In [1]:
import uproot 
import awkward as ak
import numpy as np
import vector
import torch
import torch_hep
import torch_geometric
import itertools
import matplotlib.pyplot as plt
from sklearn.manifold import TSNE
import networkx as nx
from sklearn.model_selection import train_test_split
import sklearn
import mplhep as hep
import boost_histogram as bh
import time
import os
import pandas as pd
from tqdm import tqdm

from torch_geometric.loader import DataLoader


In [2]:
path = 'C:/Users/HP/Documents/data/'
base =  uproot.open(path+"4top_parton_CPstudy.root") 
tree_even = base['CP_even']
tree_odd = base['CP_odd']



In [3]:

dic_even = {}
dic_even['pt'] = np.hstack((tree_even['t_pt'].array(), tree_even['tbar_pt'].array()))
length_even = len(dic_even['pt'])
dic_even['eta'] = np.hstack((tree_even['t_eta'].array(), tree_even['tbar_eta'].array()))
dic_even['phi'] = np.hstack((tree_even['t_phi'].array(), tree_even['tbar_phi'].array()))
dic_even['e'] = np.hstack((tree_even['t_e'].array(), tree_even['tbar_e'].array()))
dic_even['type'] = np.hstack((np.zeros((length_even,2)), np.ones((length_even,2))))


dic_odd = {}
dic_odd['pt'] = np.hstack((tree_odd['t_pt'].array(), tree_odd['tbar_pt'].array()))
length_odd = len(dic_odd['pt'])
dic_odd['eta'] = np.hstack((tree_odd['t_eta'].array(), tree_odd['tbar_eta'].array()))
dic_odd['phi'] = np.hstack((tree_odd['t_phi'].array(), tree_odd['tbar_phi'].array()))
dic_odd['e'] = np.hstack((tree_odd['t_e'].array(), tree_odd['tbar_e'].array()))
dic_odd['type'] = np.hstack((np.zeros((length_odd,2)), np.ones((length_odd,2))))


In [5]:
dataset = []

for i in tqdm(range(length_odd)):
    G = torch_hep.graph.GraphBuilder()
    G.add_asNode(key='x', pt = dic_odd['pt'][i], eta = dic_odd['eta'][i], phi = dic_odd['phi'][i], e = dic_odd['e'][i], type = dic_odd['type'][i],dtype=torch.float32)
    G.add_asEdge(key='edge_attrs', index=list(itertools.permutations(range(len(dic_odd['pt'][i])),2)), dtype=torch.int64)
    G.add_asGlobal(key='y', IsSIG=1, dtype=torch.float32)
    # G.add_asGlobal(key='w', weight=1, dtype=torch.float32)

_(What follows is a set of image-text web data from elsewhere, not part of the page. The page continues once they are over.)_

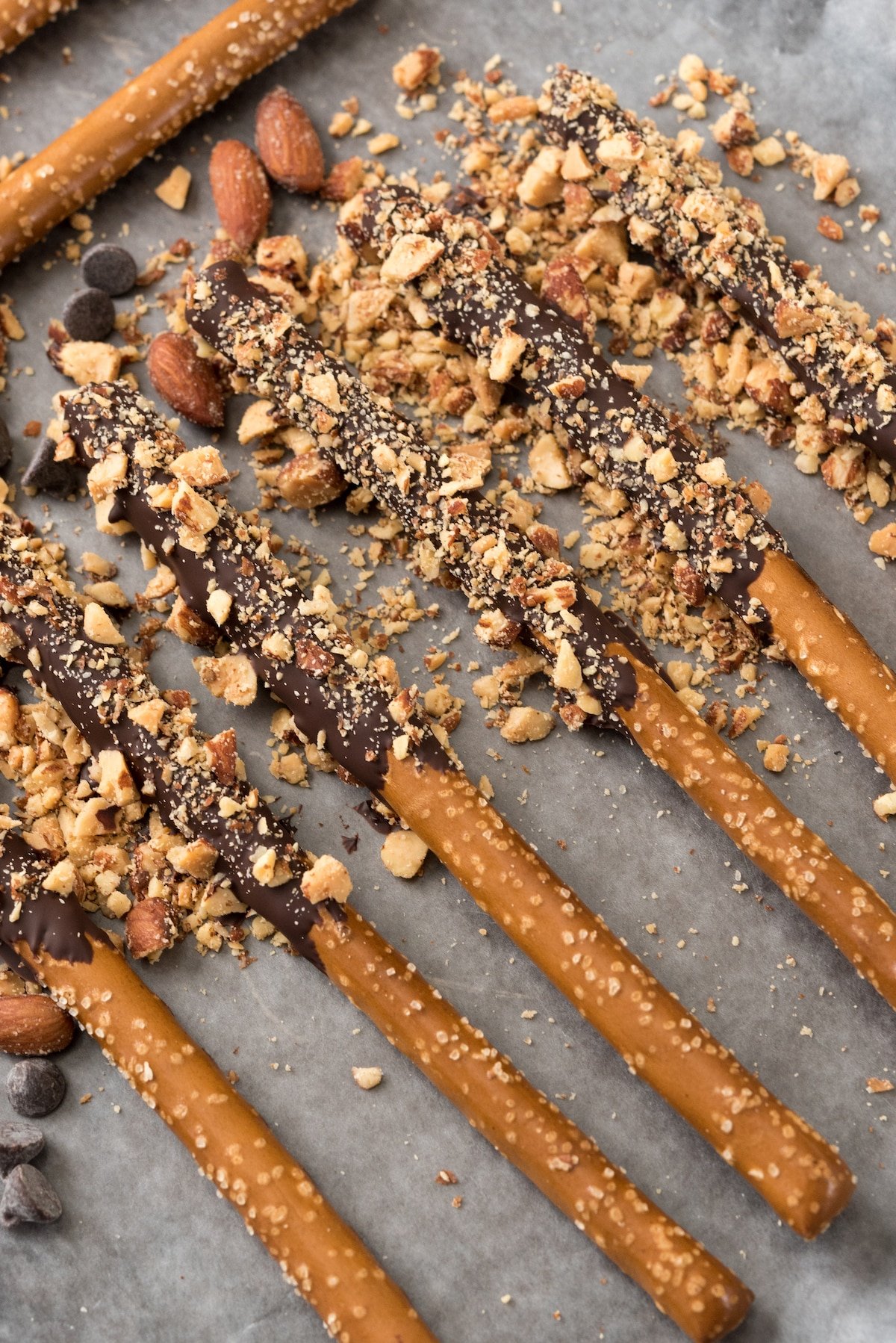 pretzel sticks dipped in chocolate and almonds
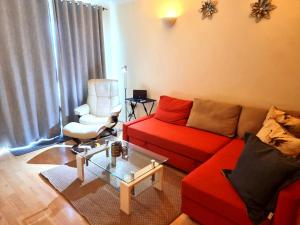 a living room with a red couch and a chair at Hunters Wharf River View by Select SA in Reading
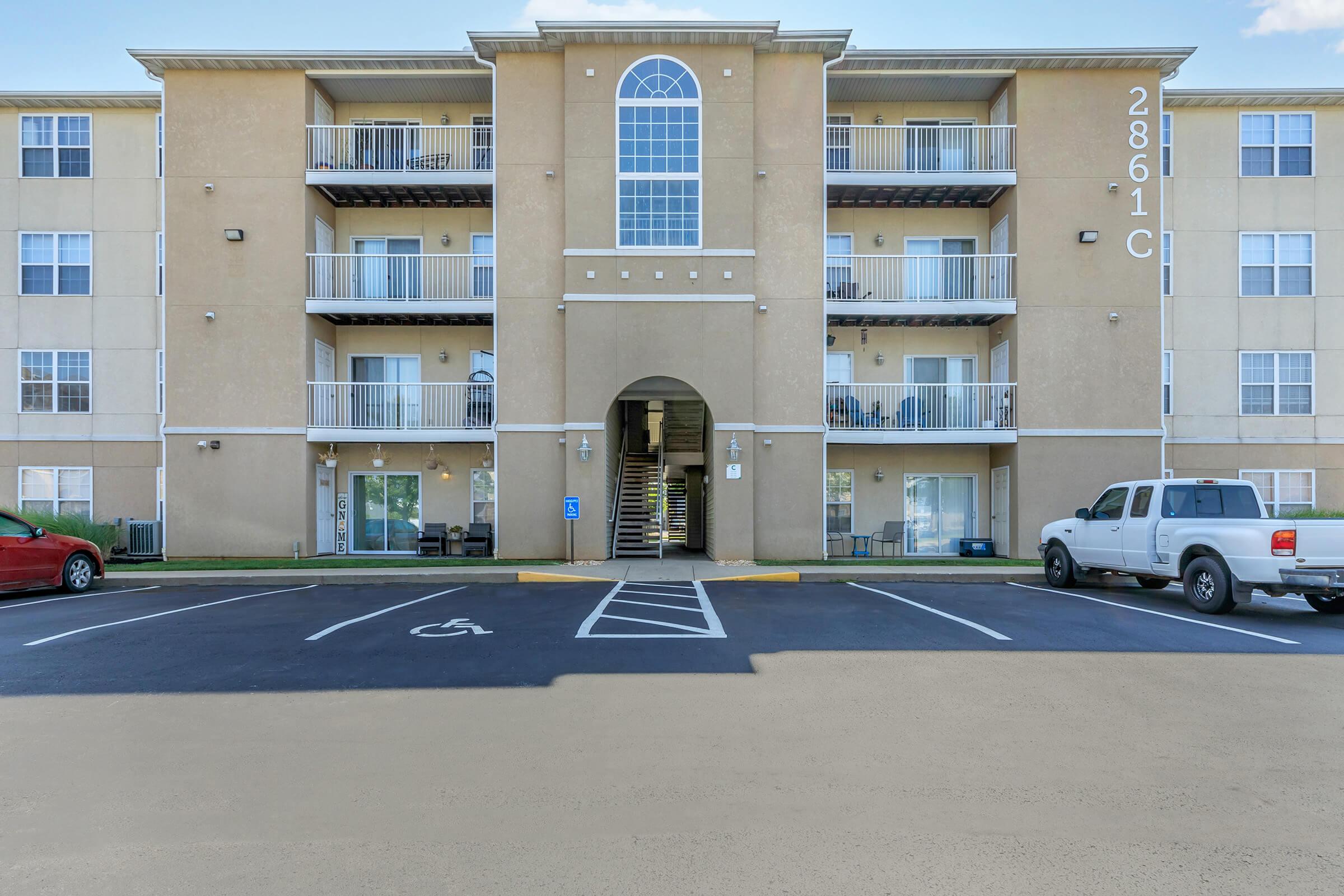 A three-story apartment building featuring a central archway entrance, balconies on the upper floors, and parked vehicles in the foreground. The building has a light brown exterior and is located in a paved parking lot with designated spaces, including a handicap-accessible spot.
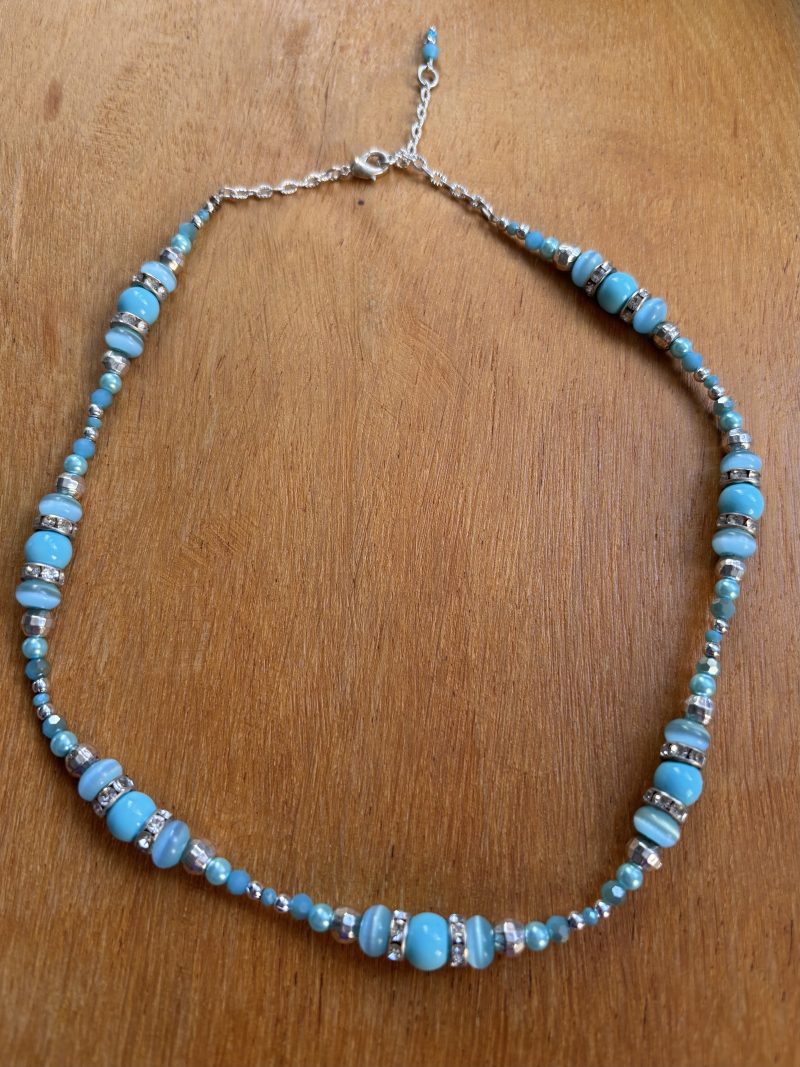 Turquoise and silver colour necklace.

    dataset.append(G.to_Data())

for i in tqdm(range(length_even)):
    G = torch_hep.graph.GraphBuilder()
    G.add_asNode(key='x', pt = dic_even['pt'][i] ,eta = dic_even['eta'][i], phi = dic_even['phi'][i] , e = dic_even['e'][i], type = dic_even['type'][i],dtype=torch.float32)
    G.add_asEdge(key='edge_attrs', index=list(itertools.permutations(range(len(dic_even['pt'][i])),2)), dtype=torch.int64)
    G.add_asGlobal(key='y', IsSIG=0, dtype=torch.float32)
    # G.add_asGlobal(key='w', weight=0.12, dtype=torch.float32)

    dataset.append(G.to_Data())

100%|██████████| 600000/600000 [02:26<00:00, 4104.26it/s]
100%|██████████| 600000/600000 [02:33<00:00, 3910.58it/s]


In [6]:
seed = 141592
torch.manual_seed(seed)
np.random.seed(seed)
np.random.shuffle(dataset)
#size = 200000
size = len(dataset)
cutoff = int(size*0.8)
#cutoff = 1000

train_dataset = dataset[:cutoff]
test_dataset = dataset[cutoff:size]

print(f'Number of training graphs: {len(train_dataset)}')
print(f'Number of test graphs: {len(test_dataset)}')
print(f'percentage of graphs that are signal: {100* length_odd/(length_odd + length_even):.2f}%')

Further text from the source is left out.